What would happen once we landed on Terraneau was anybody’s guess. A few weeks had passed since Admiral Thorne received the message from the survivors. Apparently he had not heard anything since. He told me this along with his belief—that we would find ourselves on a ghost planet once we landed. I did not like that prospect, but I could think of a worse scenario—finding the atmosphere saturated with the gas the aliens used in their mining. The gas was so corrosive that it would dissolve our transports around us as soon as we punched our way through the curtain.
“Is the big package ready as well?” I asked.
“It’s on board, Captain. So is the other equipment you requested,” Thorne said. “Did you want to inspect it?”

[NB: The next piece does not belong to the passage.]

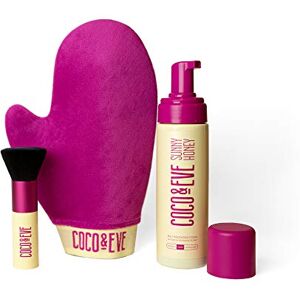 Coco & Eve Kit de bronzage Sunny Honey Bali de (ultra foncé). Mousse de bronzage sans soleil entièrement naturelle. Lotion autobronzante instantanée avec bronzeur, gant applicateur et pinceau kabuki. Publicité Coco & Eve Kit de bronzage Sunny Honey Bali de (ultra foncé). Mousse de bronzage sans soleil entièrement naturelle. Lotion autobronzante instantanée avec bronzeur, gant applicateur et pinceau kabuki. Publicité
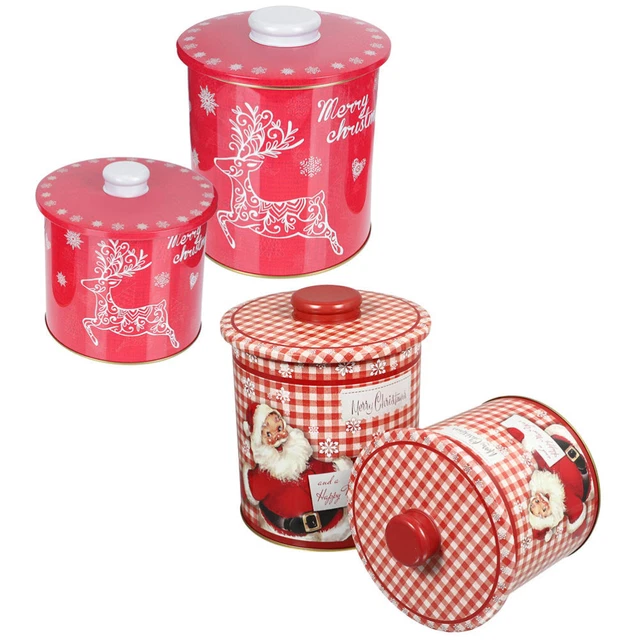 4pcs Multifunktionale Dekorative Metall Gedruckt Cookie Zinn 3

“No,” I said. The big package was a fifty-megaton bomb. If Thorne said it was ready and aboard the ship, that was good enough for me.
“Excellent. Now that that’s out of the way, let’s move on to the Engine Room,” Thorne said.
I asked, “What’s in the Engine Room?” giving Thorne an opening he could not resist. “The ship’s engine,” he said. Then he added, “Admiral Brocius authorized Captain Stone to make a modification without telling me, Captain. I became aware of it quite by accident last week, and I thought you might find it interesting.”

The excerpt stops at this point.